Damit wirklich alle Rahmenbedingungen des Ausbildungsverhältnisses einwandfrei geklärt sind, ist zwingend ein Ausbildungsvertrag abzuschließen (§ 10f. Berufsbildungsgesetz). Vordrucke stellt beispielsweise die zuständige IHK zur Verfügung. Der Ausbildungsvertrag schreibt unter anderem die Ausbildungsvergütung fest, die Arbeitszeiten, das Ausbildungsziel, Anfangs- und Enddatum und die gegebenenfalls anzuwenden Tarifverträge. Der unterzeichnete Vertrag muss dann umgehend an die zuständige Stelle zur Eintragung verschickt werden – beispielsweise die jeweilige IHK, die seinen Inhalt und seine Rechtskonformität dann noch einmal kontrolliert.

Erfolgreich dual ausbilden

Um als Ausbildungsbetrieb junge Menschen erfolgreich durch eine duale Ausbildung zu begleiten, ist es wichtig, deren Anforderungen zu kennen. Dann können Sie auch mit Ihrer neuen Arbeitskraft planen.

Die duale Ausbildung ist die in Deutschland verbreitetste Ausbildungsvariante: Sie kombiniert praktische Phasen im Unternehmen mit dem Besuch einer staatlichen Berufsschule. Die Kombination „Praxisphasen plus Berufsschule“ führt nach (in der Regel) zwei bis drei Jahren zu einem Berufsabschluss.

Wahl des Ausbildungsbetriebs und der Berufsschule

Der erste Schritt für den künftigen Azubi ist es, einen Ausbildungsbetrieb zu finden. Erst mit abgeschlossenem Berufsausbildungsvertrag kann er sich bei einer Berufsschule anmelden. Welche, ist in der Regel vom Ausbildungsort abhängig – es wird die nächstgelegene gewählt. Die Ausbildung an den Berufsschulen wird durch das Kultusministerium des jeweiligen Bundeslandes geregelt unter Berücksichtigung des Ausbildungsberufsbildes, des Ausbildungsrahmenplans und der Prüfungsanforderungen. Die zuständige Kammer ist für die Akkreditierung und Kontrolle der Berufsschulen verantwortlich.

Ablauf der dualen Ausbildung

Während der dualen Ausbildung ist der Auszubildende entweder an drei bis vier Tagen pro Woche im Unternehmen und an ein bis zwei Tagen in der Berufsschule, wobei die genaue Tagesanzahl von Beruf und Ausbildungsjahr abhängt. Oder er absolviert bis zu dreimonatige Blockunterrichtseinheiten an der Berufsschule und arbeitet ansonsten Vollzeit im Betrieb.

Aufgaben des Ausbildungsbetriebs

Die Aufgabe des Ausbildungsbetriebs in einer dualen Ausbildung ist es, fachliche Fertigkeiten und Kenntnisse zu vermitteln und deren praktische Anwendung zu schulen. Außerdem wirkt er an der charakterlichen Entwicklung des Azubis im beruflichen Umfeld mit – fördert also dessen Teamwork-Fähigkeiten und seine soziale Kompetenz im Umgang mit Kollegen.
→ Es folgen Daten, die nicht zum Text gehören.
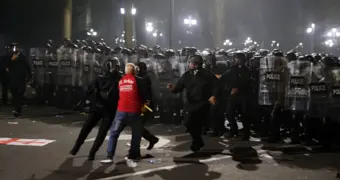 Массовые столкновения в Грузии: что грозит казахстанским туристам в Тбилиси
Projekt VerA – stark durch Ausbildung

Das Projekt VerA wurde ins Leben gerufen, um Ausbildenden durch eine der herausforderndsten Lebensphasen zu helfen. Sie erhalten Unterstützung und Rat von berufserfahrenen Ehrenamtlichen. Doch auch die Ausbildungsbetriebe können VerA in Anspruch nehmen.
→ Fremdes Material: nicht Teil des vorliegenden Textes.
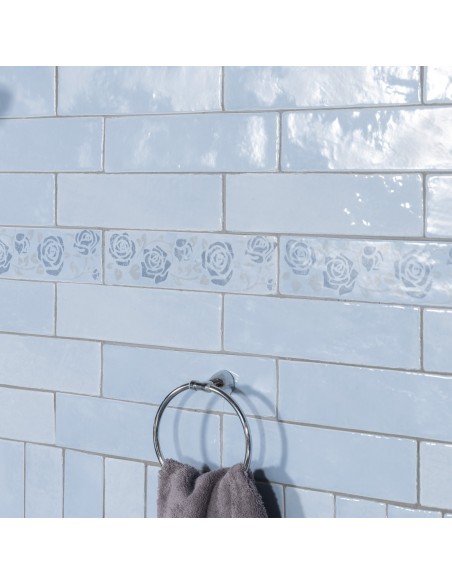 Carrelage mural bleu clair 8X32 cm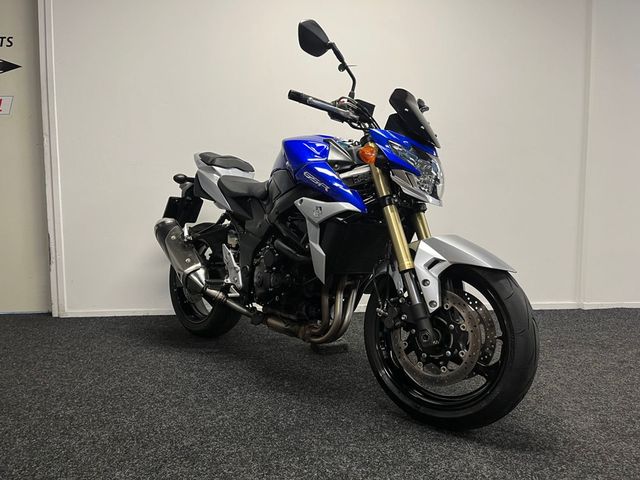suzuki - gsr-750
„VerA“ steht für „Verhinderung von Ausbildungsabbrüchen“ und zielt darauf ab, die Überforderung junger Auszubildender durch Prüfungsstress, Auseinandersetzungen mit Ausbildern oder andere Probleme zu vermeiden. Immerhin jeder vierte Azubi in Deutschland bricht seine Abbildung ab – ein Verlust für das betroffene Unternehmen und die deutsche Wirtschaft. Das Projekt wurde durch die Stiftung der Deutschen Wirtschaft für internationale Zusammenarbeit gGmbH ins Leben gerufen.
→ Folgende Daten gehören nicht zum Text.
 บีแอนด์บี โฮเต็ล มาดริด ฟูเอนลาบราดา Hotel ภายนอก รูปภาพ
Die Auszubildenden werden von SES-Ausbildungsbegleitern unterstützt. Diese im Ruhestand befindlichen, speziell geschulten Experten stehen ehrenamtlich als Berater und Mediatoren zur Verfügung.

Der SES („Senior-Experten-Service“) des Projekts VerA kann bei Bedarf nicht nur von Auszubildenden und deren Eltern, sondern auch von Ausbildungsunternehmen und Berufsschulen angefordert werden. Die kostenlose Begleitung und Förderung der Azubis ist zunächst auf zwölf Monate ausgelegt. Eine Verlängerung bis zum Ausbildungsabschluss ist bei Bedarf aber möglich.